= WORK TO COMPLETE =
These entries are to be retyped in full, word for word.

= THE RECORDS =
********

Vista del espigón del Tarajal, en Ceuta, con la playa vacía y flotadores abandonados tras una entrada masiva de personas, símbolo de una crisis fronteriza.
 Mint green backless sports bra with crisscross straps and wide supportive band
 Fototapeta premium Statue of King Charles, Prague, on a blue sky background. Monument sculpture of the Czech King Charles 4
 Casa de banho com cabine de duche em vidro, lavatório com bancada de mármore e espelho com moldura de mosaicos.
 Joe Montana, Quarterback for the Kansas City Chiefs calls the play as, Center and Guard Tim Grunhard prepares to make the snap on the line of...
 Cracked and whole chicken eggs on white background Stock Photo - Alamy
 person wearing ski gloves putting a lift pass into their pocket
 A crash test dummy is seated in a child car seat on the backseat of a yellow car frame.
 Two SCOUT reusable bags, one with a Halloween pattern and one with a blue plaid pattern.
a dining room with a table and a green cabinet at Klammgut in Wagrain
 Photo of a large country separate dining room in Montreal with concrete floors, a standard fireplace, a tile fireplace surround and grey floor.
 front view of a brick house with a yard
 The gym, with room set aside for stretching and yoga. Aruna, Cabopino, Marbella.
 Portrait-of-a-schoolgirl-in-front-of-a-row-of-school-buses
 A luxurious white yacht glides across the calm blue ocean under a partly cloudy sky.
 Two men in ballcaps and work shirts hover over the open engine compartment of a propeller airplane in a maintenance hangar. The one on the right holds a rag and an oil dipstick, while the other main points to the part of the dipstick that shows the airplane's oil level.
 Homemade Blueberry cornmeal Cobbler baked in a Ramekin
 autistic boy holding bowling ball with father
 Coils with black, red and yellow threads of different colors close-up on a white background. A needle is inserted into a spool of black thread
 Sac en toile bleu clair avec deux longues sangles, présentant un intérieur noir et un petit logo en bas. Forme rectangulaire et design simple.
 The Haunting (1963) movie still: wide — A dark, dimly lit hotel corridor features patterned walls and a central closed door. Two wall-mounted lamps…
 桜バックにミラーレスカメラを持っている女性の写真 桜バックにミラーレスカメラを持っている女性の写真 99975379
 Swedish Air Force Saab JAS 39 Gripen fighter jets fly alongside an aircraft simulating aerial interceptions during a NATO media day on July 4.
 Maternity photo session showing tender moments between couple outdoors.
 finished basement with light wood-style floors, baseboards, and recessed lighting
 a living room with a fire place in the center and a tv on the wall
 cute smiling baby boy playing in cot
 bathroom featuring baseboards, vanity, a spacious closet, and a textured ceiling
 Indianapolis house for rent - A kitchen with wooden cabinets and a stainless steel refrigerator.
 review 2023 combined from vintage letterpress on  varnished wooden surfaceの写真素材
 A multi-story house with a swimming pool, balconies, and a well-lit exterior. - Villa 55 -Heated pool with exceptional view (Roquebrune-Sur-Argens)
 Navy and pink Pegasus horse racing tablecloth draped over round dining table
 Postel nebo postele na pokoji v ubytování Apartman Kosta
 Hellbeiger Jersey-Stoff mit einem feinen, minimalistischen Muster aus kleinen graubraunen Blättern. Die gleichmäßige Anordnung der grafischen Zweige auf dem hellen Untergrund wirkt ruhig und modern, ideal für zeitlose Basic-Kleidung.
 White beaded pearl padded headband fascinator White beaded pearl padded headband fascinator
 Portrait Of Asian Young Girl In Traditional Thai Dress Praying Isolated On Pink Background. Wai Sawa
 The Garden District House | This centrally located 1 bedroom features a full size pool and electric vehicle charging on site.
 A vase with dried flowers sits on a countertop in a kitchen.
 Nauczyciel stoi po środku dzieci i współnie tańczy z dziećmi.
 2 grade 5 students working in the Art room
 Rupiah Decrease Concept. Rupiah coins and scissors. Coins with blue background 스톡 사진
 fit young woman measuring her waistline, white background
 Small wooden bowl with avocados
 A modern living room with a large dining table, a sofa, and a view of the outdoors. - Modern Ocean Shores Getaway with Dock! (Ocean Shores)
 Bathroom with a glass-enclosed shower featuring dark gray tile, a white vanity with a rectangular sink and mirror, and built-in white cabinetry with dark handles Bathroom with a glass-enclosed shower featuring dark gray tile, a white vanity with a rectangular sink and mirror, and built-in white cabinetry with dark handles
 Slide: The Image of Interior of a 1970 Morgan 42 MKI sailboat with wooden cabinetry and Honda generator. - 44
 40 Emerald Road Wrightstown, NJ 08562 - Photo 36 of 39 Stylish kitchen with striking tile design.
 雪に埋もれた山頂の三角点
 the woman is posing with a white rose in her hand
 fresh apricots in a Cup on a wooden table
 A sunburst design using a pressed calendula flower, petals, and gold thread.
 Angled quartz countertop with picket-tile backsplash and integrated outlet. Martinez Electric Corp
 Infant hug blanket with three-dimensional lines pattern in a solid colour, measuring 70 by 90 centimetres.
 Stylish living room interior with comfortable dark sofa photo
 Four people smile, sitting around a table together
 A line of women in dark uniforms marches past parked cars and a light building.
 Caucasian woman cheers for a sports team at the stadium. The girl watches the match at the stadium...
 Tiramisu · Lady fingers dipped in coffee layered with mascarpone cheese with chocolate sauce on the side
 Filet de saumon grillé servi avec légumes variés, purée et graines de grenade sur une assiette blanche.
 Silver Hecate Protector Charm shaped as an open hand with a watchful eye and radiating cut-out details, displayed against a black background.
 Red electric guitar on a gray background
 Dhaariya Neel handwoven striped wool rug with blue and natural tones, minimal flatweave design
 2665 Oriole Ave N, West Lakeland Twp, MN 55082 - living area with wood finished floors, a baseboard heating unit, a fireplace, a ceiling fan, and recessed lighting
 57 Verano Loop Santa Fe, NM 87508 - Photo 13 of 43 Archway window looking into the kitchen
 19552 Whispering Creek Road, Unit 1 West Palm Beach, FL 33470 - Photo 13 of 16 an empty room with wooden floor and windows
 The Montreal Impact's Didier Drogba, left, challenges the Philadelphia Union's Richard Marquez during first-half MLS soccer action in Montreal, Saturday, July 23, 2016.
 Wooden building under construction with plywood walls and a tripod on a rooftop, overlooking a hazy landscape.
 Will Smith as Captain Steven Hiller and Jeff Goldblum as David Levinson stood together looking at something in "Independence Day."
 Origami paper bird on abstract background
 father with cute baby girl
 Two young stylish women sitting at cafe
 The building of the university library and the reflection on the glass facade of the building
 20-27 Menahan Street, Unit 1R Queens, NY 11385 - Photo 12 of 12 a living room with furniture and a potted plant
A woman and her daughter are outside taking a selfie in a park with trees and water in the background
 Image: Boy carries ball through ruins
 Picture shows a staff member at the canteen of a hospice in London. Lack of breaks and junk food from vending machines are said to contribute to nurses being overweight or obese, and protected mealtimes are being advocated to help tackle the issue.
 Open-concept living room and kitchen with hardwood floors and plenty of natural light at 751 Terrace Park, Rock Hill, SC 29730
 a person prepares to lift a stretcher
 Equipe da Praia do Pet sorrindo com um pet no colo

********

= YOUR RESPONSE =
Vista del espigón del Tarajal, en Ceuta, con la playa vacía y flotadores abandonados tras una entrada masiva de personas, símbolo de una crisis fronteriza.
 Mint green backless sports bra with crisscross straps and wide supportive band
 Fototapeta premium Statue of King Charles, Prague, on a blue sky background. Monument sculpture of the Czech King Charles 4
 Casa de banho com cabine de duche em vidro, lavatório com bancada de mármore e espelho com moldura de mosaicos.
 Joe Montana, Quarterback for the Kansas City Chiefs calls the play as, Center and Guard Tim Grunhard prepares to make the snap on the line of...
 Cracked and whole chicken eggs on white background Stock Photo - Alamy
 person wearing ski gloves putting a lift pass into their pocket
 A crash test dummy is seated in a child car seat on the backseat of a yellow car frame.
 Two SCOUT reusable bags, one with a Halloween pattern and one with a blue plaid pattern.
a dining room with a table and a green cabinet at Klammgut in Wagrain
 Photo of a large country separate dining room in Montreal with concrete floors, a standard fireplace, a tile fireplace surround and grey floor.
 front view of a brick house with a yard
 The gym, with room set aside for stretching and yoga. Aruna, Cabopino, Marbella.
 Portrait-of-a-schoolgirl-in-front-of-a-row-of-school-buses
 A luxurious white yacht glides across the calm blue ocean under a partly cloudy sky.
 Two men in ballcaps and work shirts hover over the open engine compartment of a propeller airplane in a maintenance hangar. The one on the right holds a rag and an oil dipstick, while the other main points to the part of the dipstick that shows the airplane's oil level.
 Homemade Blueberry cornmeal Cobbler baked in a Ramekin
 autistic boy holding bowling ball with father
 Coils with black, red and yellow threads of different colors close-up on a white background. A needle is inserted into a spool of black thread
 Sac en toile bleu clair avec deux longues sangles, présentant un intérieur noir et un petit logo en bas. Forme rectangulaire et design simple.
 The Haunting (1963) movie still: wide — A dark, dimly lit hotel corridor features patterned walls and a central closed door. Two wall-mounted lamps…
 桜バックにミラーレスカメラを持っている女性の写真 桜バックにミラーレスカメラを持っている女性の写真 99975379
 Swedish Air Force Saab JAS 39 Gripen fighter jets fly alongside an aircraft simulating aerial interceptions during a NATO media day on July 4.
 Maternity photo session showing tender moments between couple outdoors.
 finished basement with light wood-style floors, baseboards, and recessed lighting
 a living room with a fire place in the center and a tv on the wall
 cute smiling baby boy playing in cot
 bathroom featuring baseboards, vanity, a spacious closet, and a textured ceiling
 Indianapolis house for rent - A kitchen with wooden cabinets and a stainless steel refrigerator.
 review 2023 combined from vintage letterpress on  varnished wooden surfaceの写真素材
 A multi-story house with a swimming pool, balconies, and a well-lit exterior. - Villa 55 -Heated pool with exceptional view (Roquebrune-Sur-Argens)
 Navy and pink Pegasus horse racing tablecloth draped over round dining table
 Postel nebo postele na pokoji v ubytování Apartman Kosta
 Hellbeiger Jersey-Stoff mit einem feinen, minimalistischen Muster aus kleinen graubraunen Blättern. Die gleichmäßige Anordnung der grafischen Zweige auf dem hellen Untergrund wirkt ruhig und modern, ideal für zeitlose Basic-Kleidung.
 White beaded pearl padded headband fascinator White beaded pearl padded headband fascinator
 Portrait Of Asian Young Girl In Traditional Thai Dress Praying Isolated On Pink Background. Wai Sawa
 The Garden District House | This centrally located 1 bedroom features a full size pool and electric vehicle charging on site.
 A vase with dried flowers sits on a countertop in a kitchen.
 Nauczyciel stoi po środku dzieci i współnie tańczy z dziećmi.
 2 grade 5 students working in the Art room
 Rupiah Decrease Concept. Rupiah coins and scissors. Coins with blue background 스톡 사진
 fit young woman measuring her waistline, white background
 Small wooden bowl with avocados
 A modern living room with a large dining table, a sofa, and a view of the outdoors. - Modern Ocean Shores Getaway with Dock! (Ocean Shores)
 Bathroom with a glass-enclosed shower featuring dark gray tile, a white vanity with a rectangular sink and mirror, and built-in white cabinetry with dark handles Bathroom with a glass-enclosed shower featuring dark gray tile, a white vanity with a rectangular sink and mirror, and built-in white cabinetry with dark handles
 Slide: The Image of Interior of a 1970 Morgan 42 MKI sailboat with wooden cabinetry and Honda generator. - 44
 40 Emerald Road Wrightstown, NJ 08562 - Photo 36 of 39 Stylish kitchen with striking tile design.
 雪に埋もれた山頂の三角点
 the woman is posing with a white rose in her hand
 fresh apricots in a Cup on a wooden table
 A sunburst design using a pressed calendula flower, petals, and gold thread.
 Angled quartz countertop with picket-tile backsplash and integrated outlet. Martinez Electric Corp
 Infant hug blanket with three-dimensional lines pattern in a solid colour, measuring 70 by 90 centimetres.
 Stylish living room interior with comfortable dark sofa photo
 Four people smile, sitting around a table together
 A line of women in dark uniforms marches past parked cars and a light building.
 Caucasian woman cheers for a sports team at the stadium. The girl watches the match at the stadium...
 Tiramisu · Lady fingers dipped in coffee layered with mascarpone cheese with chocolate sauce on the side
 Filet de saumon grillé servi avec légumes variés, purée et graines de grenade sur une assiette blanche.
 Silver Hecate Protector Charm shaped as an open hand with a watchful eye and radiating cut-out details, displayed against a black background.
 Red electric guitar on a gray background
 Dhaariya Neel handwoven striped wool rug with blue and natural tones, minimal flatweave design
 2665 Oriole Ave N, West Lakeland Twp, MN 55082 - living area with wood finished floors, a baseboard heating unit, a fireplace, a ceiling fan, and recessed lighting
 57 Verano Loop Santa Fe, NM 87508 - Photo 13 of 43 Archway window looking into the kitchen
 19552 Whispering Creek Road, Unit 1 West Palm Beach, FL 33470 - Photo 13 of 16 an empty room with wooden floor and windows
 The Montreal Impact's Didier Drogba, left, challenges the Philadelphia Union's Richard Marquez during first-half MLS soccer action in Montreal, Saturday, July 23, 2016.
 Wooden building under construction with plywood walls and a tripod on a rooftop, overlooking a hazy landscape.
 Will Smith as Captain Steven Hiller and Jeff Goldblum as David Levinson stood together looking at something in "Independence Day."
 Origami paper bird on abstract background
 father with cute baby girl
 Two young stylish women sitting at cafe
 The building of the university library and the reflection on the glass facade of the building
 20-27 Menahan Street, Unit 1R Queens, NY 11385 - Photo 12 of 12 a living room with furniture and a potted plant
A woman and her daughter are outside taking a selfie in a park with trees and water in the background
 Image: Boy carries ball through ruins
 Picture shows a staff member at the canteen of a hospice in London. Lack of breaks and junk food from vending machines are said to contribute to nurses being overweight or obese, and protected mealtimes are being advocated to help tackle the issue.
 Open-concept living room and kitchen with hardwood floors and plenty of natural light at 751 Terrace Park, Rock Hill, SC 29730
 a person prepares to lift a stretcher
 Equipe da Praia do Pet sorrindo com um pet no colo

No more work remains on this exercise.